Dynamic Economic Dispatch Dengan Integrasi Photovoltaic (PV) Menggunakan Metode Quadratic Programming
Pengarang : Jumathir Bin Anwar - Personal Name;
Perpustakaan UBT : Universitas Borneo Tarakan., 2025XML Detail Export Citation
Abstract
Dynamic Economic Dispatch (DED) merupakan suatu pendekatan optimasi dalam penjadwalan pembangkitan listrik yang bertujuan untuk meminimalkan biaya bahan bakar sambil tetap memenuhi kebutuhan beban dan batasan operasional pembangkit. Penelitian ini mengevaluasi pemanfaatan metode Quadratic Programming (QP) dalam menyelesaikan permasalahan DED yang disertai integrasi pembangkit tenaga surya Photovoltaic (PV). Simulasi dilakukan selama 24 jam pada sistem IEEE 30 Bus dan sistem transmisi Jawa-Bali 500 kV dengan skenario penetrasi PV sebesar 0%, 10%, 20%, dan 30%. Pada sistem IEEE 30 Bus, penetrasi PV sebesar 30% menghasilkan penurunan total daya pembangkitan konvensional sebesar 394,88 MW (~6,6%), penghematan biaya sebesar $1.207,43 (~7,6%), serta pengurangan emisi sebesar 482,32 kg (~6,1%) dibandingkan dengan kondisi tanpa PV. Sementara itu, pada sistem Jawa-Bali 500 kV, penetrasi PV 30% menghasilkan pengurangan daya sebesar 44.469,4 MW (~5,7%), penurunan biaya operasional sebesar Rp. 61.294,77 juta (~3,4%), dan penurunan emisi sebesar 40.183,55 kg (~5,2%). Hasil penelitian ini mengindikasikan bahwa integrasi PV dalam skema DED dapat meningkatkan efisiensi biaya dan mengurangi emisi, meskipun masih diperlukan penyempurnaan model agar karakteristik variabel energi terbarukan dapat terakomodasi secara lebih optimal dalam proses optimasi.
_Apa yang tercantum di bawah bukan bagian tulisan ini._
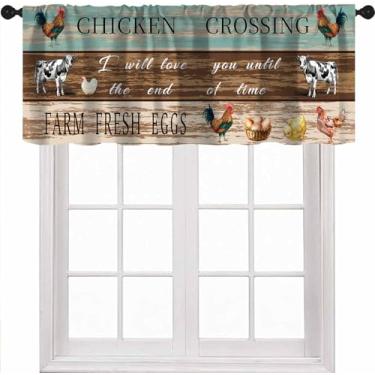 Imagem de Sanefa de madeira de fazenda, galinha de fazenda, vintage, rural, retrô, animal, pequena para decoração de quarto, sala de estar, café, 1 painel 137 x 45 cm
Dynamic Economic Dispatch (DED) is an optimization approach in power generation scheduling that aims to minimize fuel costs while meeting load requirements and plant operational constraints. This study evaluated the utilization of the Quadratic Programming (QP) method in solving DED problems accompanied by integrating solar Photovoltaic (PV) power plants. Simulations were conducted 24 hours on the IEEE 30 Bus system and the Java-Bali 500 kV transmission system with PV penetration scenarios of 0%, 10%, 20%, and 30%. In the IEEE 30 Bus system, 30% PV penetration resulted in a decrease in total conventional generation power of 394.88 MW (-6.6%), cost savings of $1,207.43 (~7.6%), and emission reduction of 482.32 kg (~6.1%) compared to the condition without PV. Meanwhile, in the Java-Bali 500 kV system, 30% PV penetration resulted in a power reduction of 44,469.4 MW (-5.7%), a decrease in operating costs of Rp. 61,294.77 million (~3.4%), and a decrease in emissions of 40,183.55 kg (-5.2%). The results of this study indicate that the integration of PV in the DED scheme can improve cost efficiency and reduce emissions. However, there is still a need to improve the model so that the characteristics of renewable energy variables can be accommodated more optimally in the optimization process.